Written For The Australian - If retirement beckons but you’re still paying off a mortgage here’s what you can do
More than half of Australian homeowners aged 55 to 64 are still carrying a mortgage. That's a 135 per cent jump on 20 years ago — and it's completely reshaping what retirement looks like in this country.
Before anyone starts shaking their head at supposedly reckless Boomers, look at the numbers. House prices are up nearly 200 per cent over two decades while wages have only grown 80 per cent. People are buying later, divorcing more, and helping their kids into property via the "bank of mum and dad." Of course debt is following them into retirement.
So what can you actually do about it?
The most common play I see is downsizing. Selling the family home and buying a townhouse or apartment nearby often frees up hundreds of thousands. And there's a very useful sweetener — the downsizer contribution lets each spouse tip up to $300,000 into super, with no upper age limit, provided you've owned the home for 10 years and are at least 55.
If you'd rather not move, super itself becomes the tool. Once you're 60 and retired, drawing a lump sum to wipe a mortgage gives you what is effectively a guaranteed 6 to 7 per cent return — better than betting on markets. Up to $1.9m can come out tax free. But tread carefully — unexpected medical bills or strata special levies can blow a hole in your plans.

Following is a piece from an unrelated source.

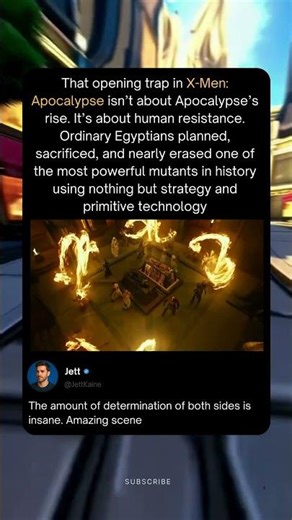 Humans vs Apocalypse: X-Men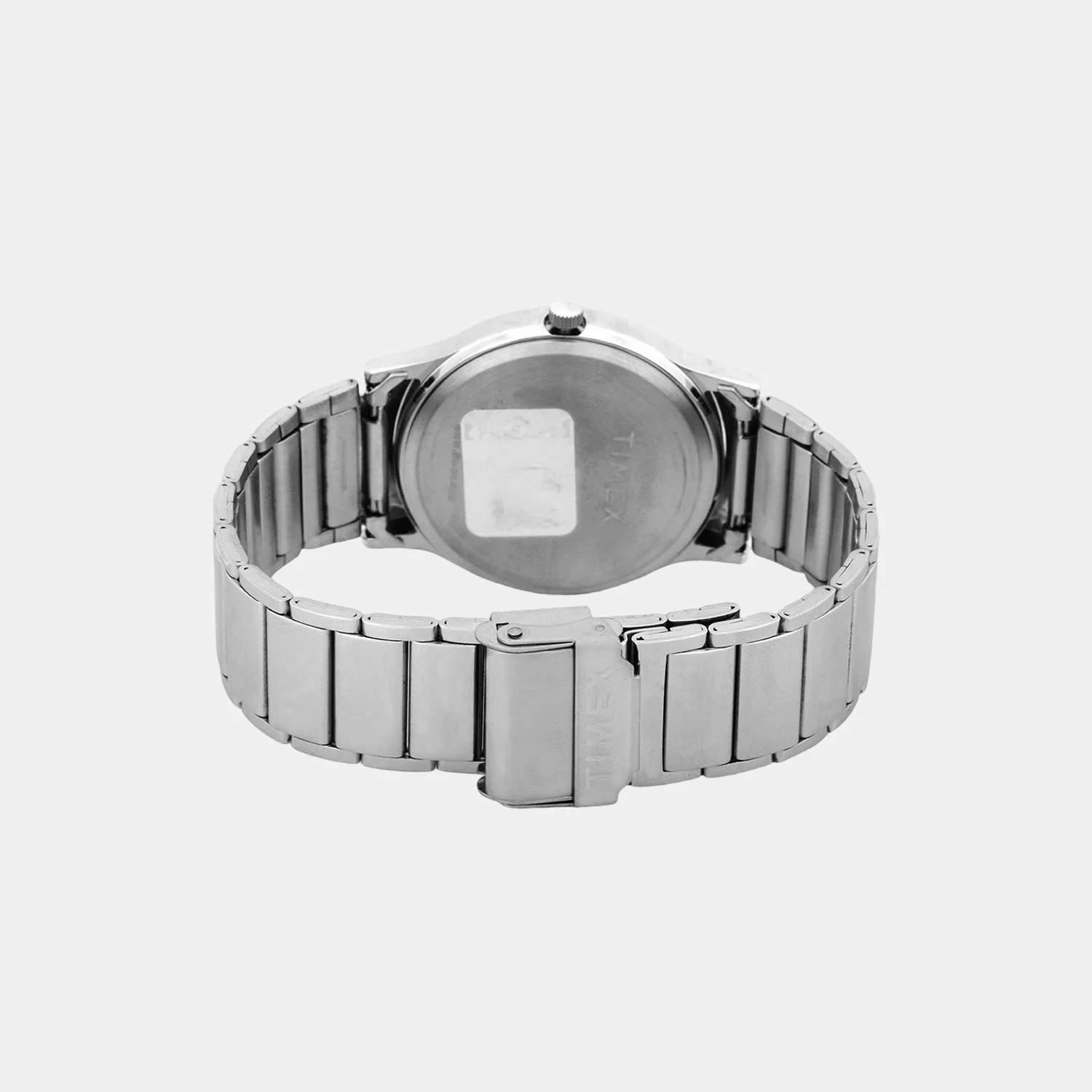 Men Quartz Silver Dial Analog Stainless Steel Watch TW000R430 - Image 2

One quirk worth knowing: the aged pension uses an assets test, not a net assets test. Home-loan balances are ignored. So using super to pay down the mortgage can actually improve your pension entitlement.
And for the creative, "granny flat" arrangements — gifting money to your kids in exchange for a right to live in their home — can double as an early inheritance and a Centrelink strategy.
The honest truth? For those nearing retirement, options exist but they involve trade-offs. For younger Australians reading over their parents' shoulders, the lesson is simple: buy earlier if you possibly can.